What is needed is an exact reproduction of the listing, without its pictures.

## Provided data

----

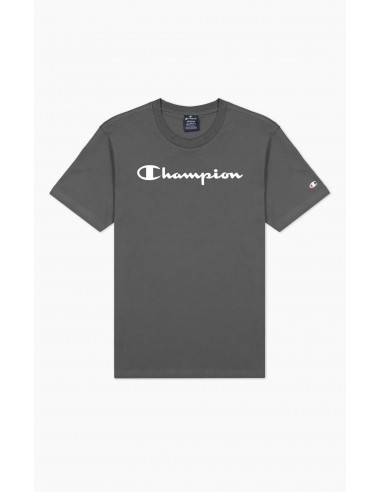 CHAMPION-Crewneck T-Shirt-YS113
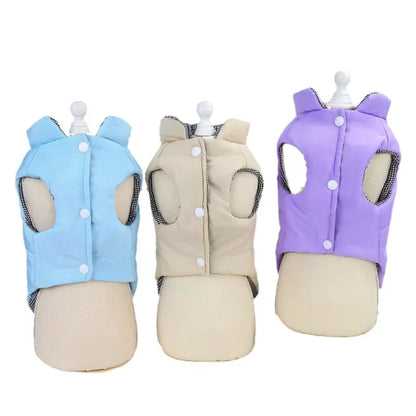 Pet Warm Jacket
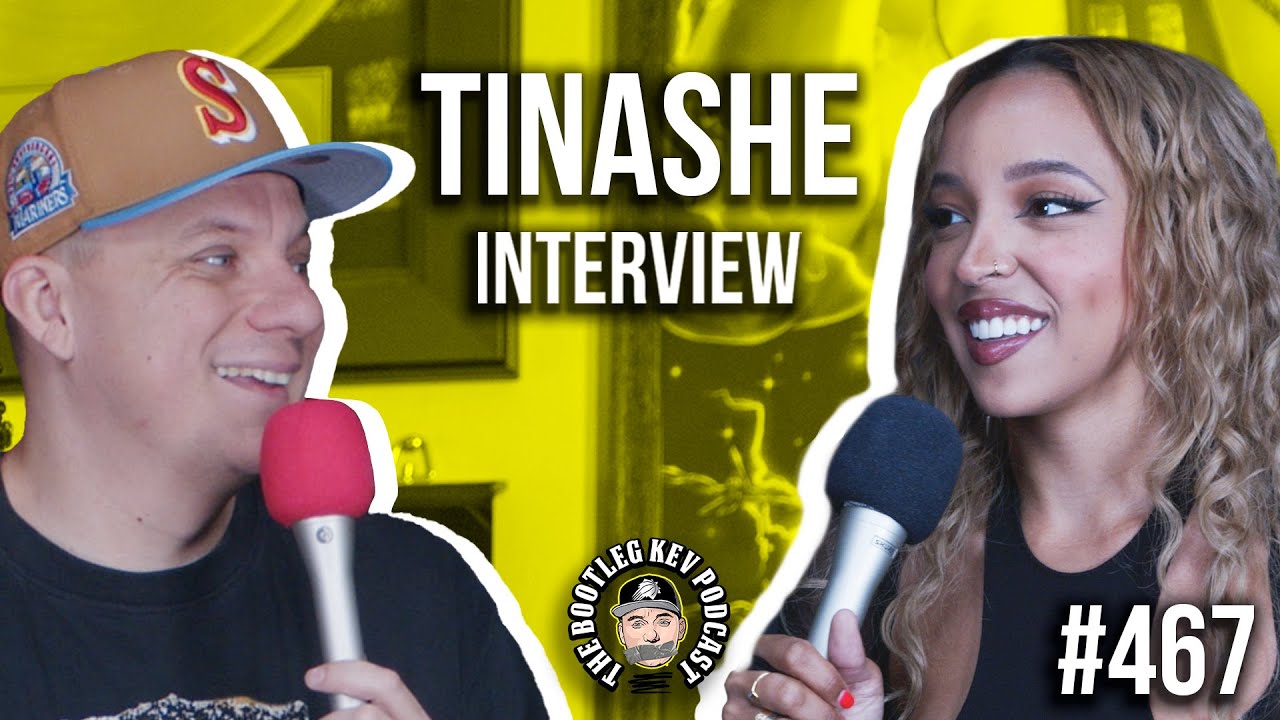 Tinashe on 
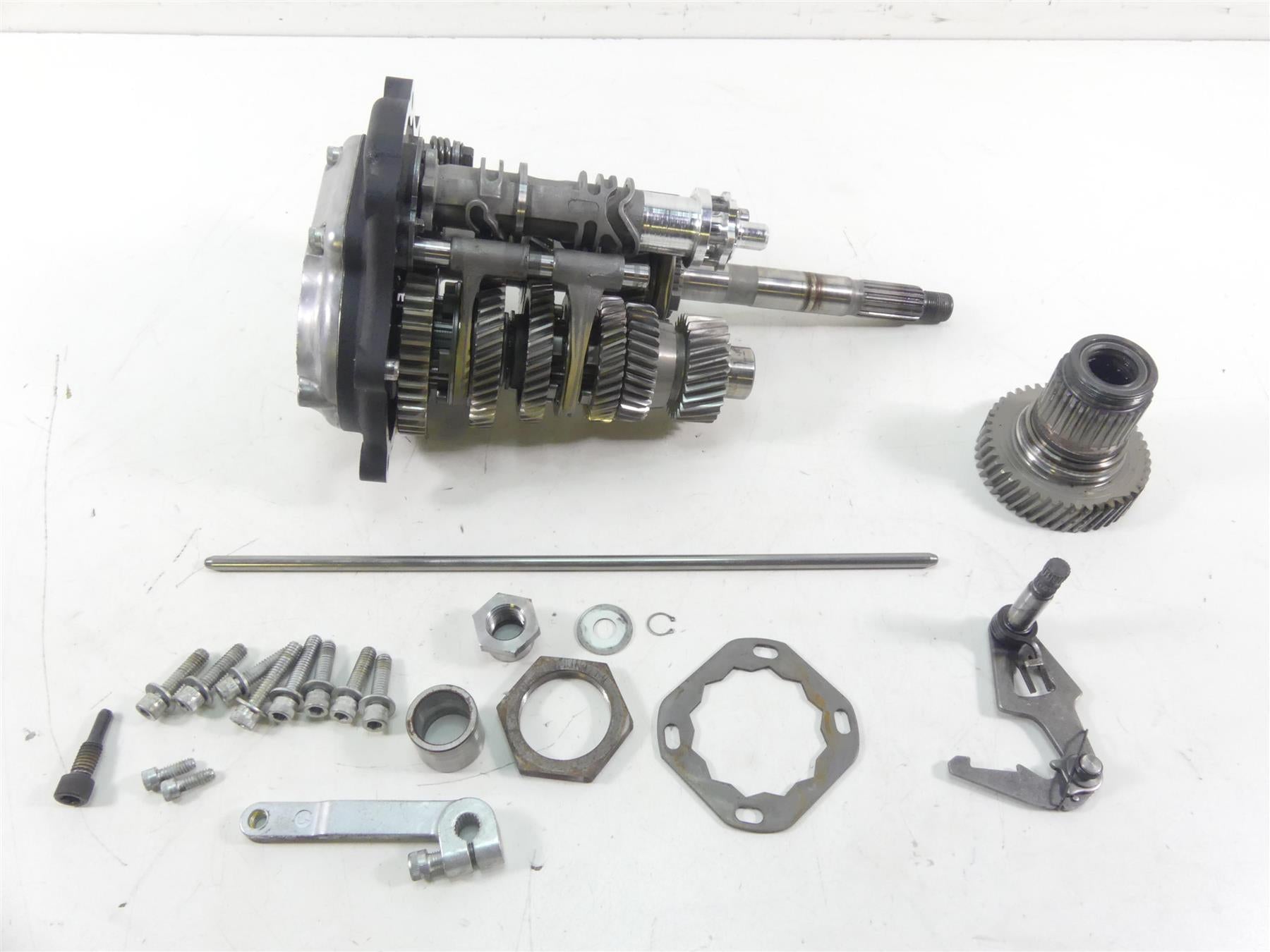 2016 Harley Touring FLTRX Road Glide 6 Speed Tranmission Gear Pack 19K 35467-06C {{ shop.shopifyCountryName }} - Mototech271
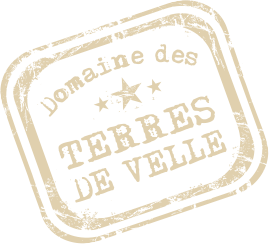 Logo Domaine des Terres de Velle | Auxey-Duresses - Grands Vins de Bourgogne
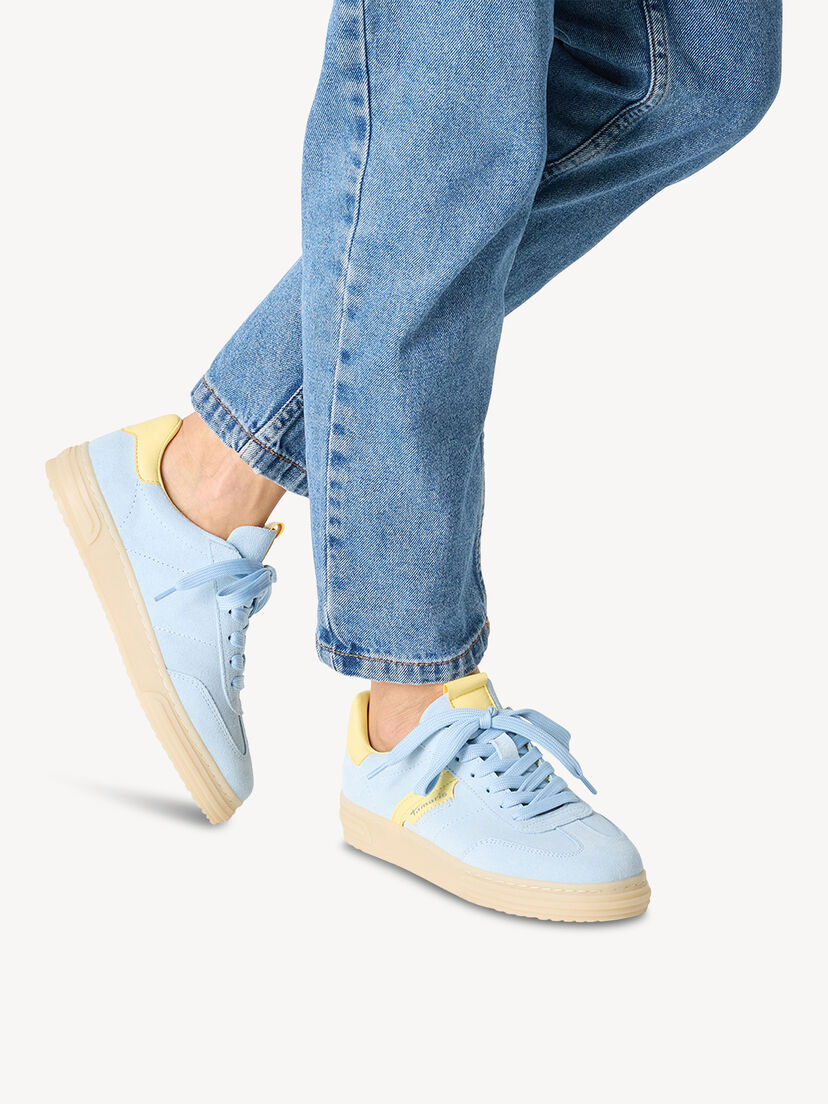 Sneaker - blauw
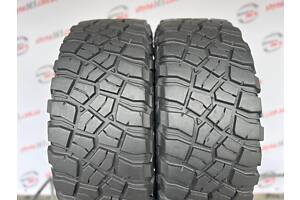 Шины Б/У літня 265/65 R17 BFGOODRICH MUD-TERRAIN T/A KM 3 9mm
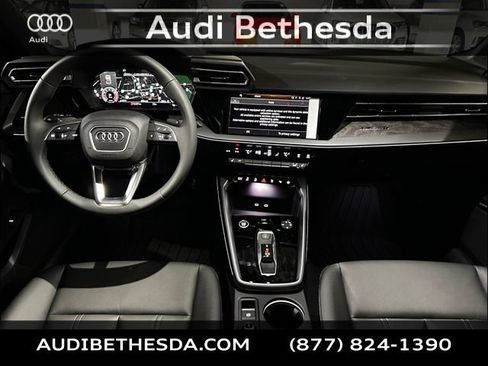 New 2026 Audi A3 2.0T Premium Plus AWD/4WD image 11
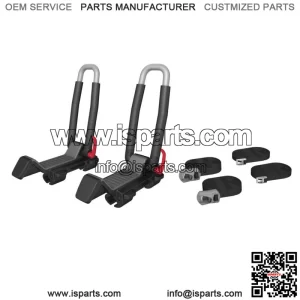 Jaylow TUV, Door Kayak (2X) Yakima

----

## Output below
 CHAMPION-Crewneck T-Shirt-YS113
 Pet Warm Jacket
 Tinashe on 
 2016 Harley Touring FLTRX Road Glide 6 Speed Tranmission Gear Pack 19K 35467-06C {{ shop.shopifyCountryName }} - Mototech271
 Logo Domaine des Terres de Velle | Auxey-Duresses - Grands Vins de Bourgogne
 Sneaker - blauw
 Шины Б/У літня 265/65 R17 BFGOODRICH MUD-TERRAIN T/A KM 3 9mm
 New 2026 Audi A3 2.0T Premium Plus AWD/4WD image 11
 Jaylow TUV, Door Kayak (2X) Yakima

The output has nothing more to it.